Accelerated single-node Kubernetes with microk8s, Kubeflow, and RAPIDS.ai

The fundamental value proposition of Kubernetes is that it can provide an abstraction layer for distributed applications on any infrastructure. This depends on the intersection of two partial myths:

Kubernetes consistently provides every essential service that distributed applications need, and
Kubernetes can run equally well on different cloud footprints, in a datacenter, or on a single node.

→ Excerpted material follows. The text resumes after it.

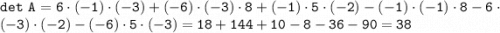 \displaystyle\tt det\ A=6\cdot(-1)\cdot(-3) + (-6)\cdot(-3)\cdot8 + (-1)\cdot5\cdot(-2) - (-1)\cdot(-1)\cdot8 - 6\cdot(-3)\cdot(-2) - (-6)\cdot5\cdot(-3) = 18 + 144 + 10 - 8 - 36 -90=38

There’s some reflection of the truth in these myths. Vanilla upstream Kubernetes provides many important primitives for distributed applications — but not everything — and individual Kubernetes distributions typically bundle services to address the gaps. While it is technically possible to run Kubernetes on a single node by installing a specialized distribution, most of the solutions are rough around the edges, and if you want true portability, you’ll need to run the same Kubernetes distribution on your workstation (or laptop) and in your datacenter.

Since I’m more interested in developing tools that could be ported to a variety of Kubernetes distributions than I am with developing an application that is absolutely reproducible across multiple footprints in a single organization without additional effort, I have the flexibility to choose any single-node distribution of Kubernetes for local use.

I’ve been impressed with the setup and user experience of microk8s for a long time and used to run it (in a VM) on my old MacBook. In this post, I’ll explain how I used microk8s to set up a data science development environment on my workstation, complete with GPU acceleration, Kubeflow, and a notebook image with RAPIDS.ai preloaded.

System setup

I started with a relatively fresh installation of Ubuntu 20.04,¹ and installed CUDA 11.0 from the NVIDIA repository, following these instructions:

wget https://developer.download.nvidia.com/compute/cuda/repos/ubuntu2004/x86_64/cuda-ubuntu2004.pin
sudo mv cuda-ubuntu2004.pin /etc/apt/preferences.d/cuda-repository-pin-600
sudo apt-key adv --fetch-keys https://developer.download.nvidia.com/compute/cuda/repos/ubuntu2004/x86_64/7fa2af80.pub
sudo add-apt-repository "deb https://developer.download.nvidia.com/compute/cuda/repos/ubuntu2004/x86_64/ /"
sudo apt-get update
sudo apt-get -y install cuda-11-0

microk8s

I then installed microk8s with snap. There are a few options for versions and channels, but as of late March 2021 the most stable for me was Kubernetes 1.20 (more on this in a bit).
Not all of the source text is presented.